TASK BRIEF
Drop every image and restate the entries below word for word.

DATASET ENTRIES
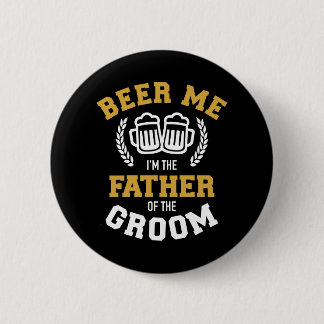 Bier me Ich bin Vater von Bräutigam lustiges Gesch Button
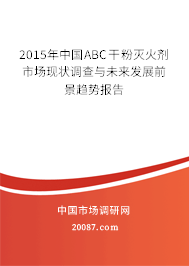 2015年中国ABC干粉灭火剂市场现状调查与未来发展前景趋势报告 2015年中国ABC干粉灭火剂市场现状调查与未来发展前景趋势报告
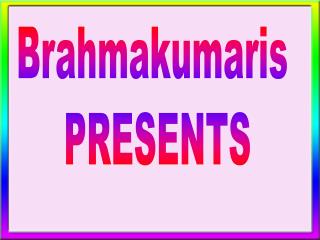 Brahmakumaris PRESENTS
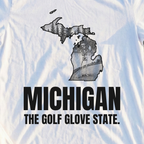 Michigan The Golf Glove State Tee, print close-up on White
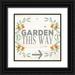 SD Graphics Studio 15x15 Black Ornate Wood Framed with Double Matting Museum Art Print Titled - Garden This Way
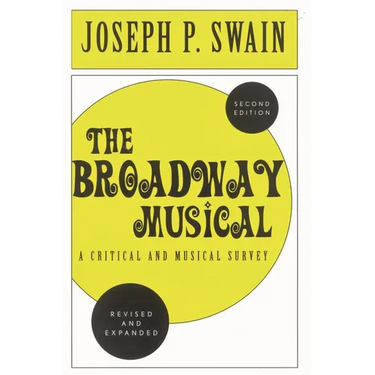The Broadway Musical: A Critical and Musical Survey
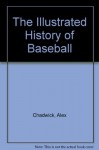 The Illustrated History of Baseball - Alex Chadwick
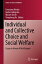 Individual and Collective Choice and Social Welfare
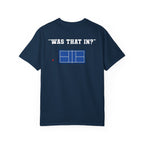 “Was That In?” T-shirt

SOLUTION TO THE PROBLEM
 Bier me Ich bin Vater von Bräutigam lustiges Gesch Button
 2015年中国ABC干粉灭火剂市场现状调查与未来发展前景趋势报告 2015年中国ABC干粉灭火剂市场现状调查与未来发展前景趋势报告
 Brahmakumaris PRESENTS
 Michigan The Golf Glove State Tee, print close-up on White
 SD Graphics Studio 15x15 Black Ornate Wood Framed with Double Matting Museum Art Print Titled - Garden This Way
The Broadway Musical: A Critical and Musical Survey
 The Illustrated History of Baseball - Alex Chadwick
 Individual and Collective Choice and Social Welfare
 “Was That In?” T-shirt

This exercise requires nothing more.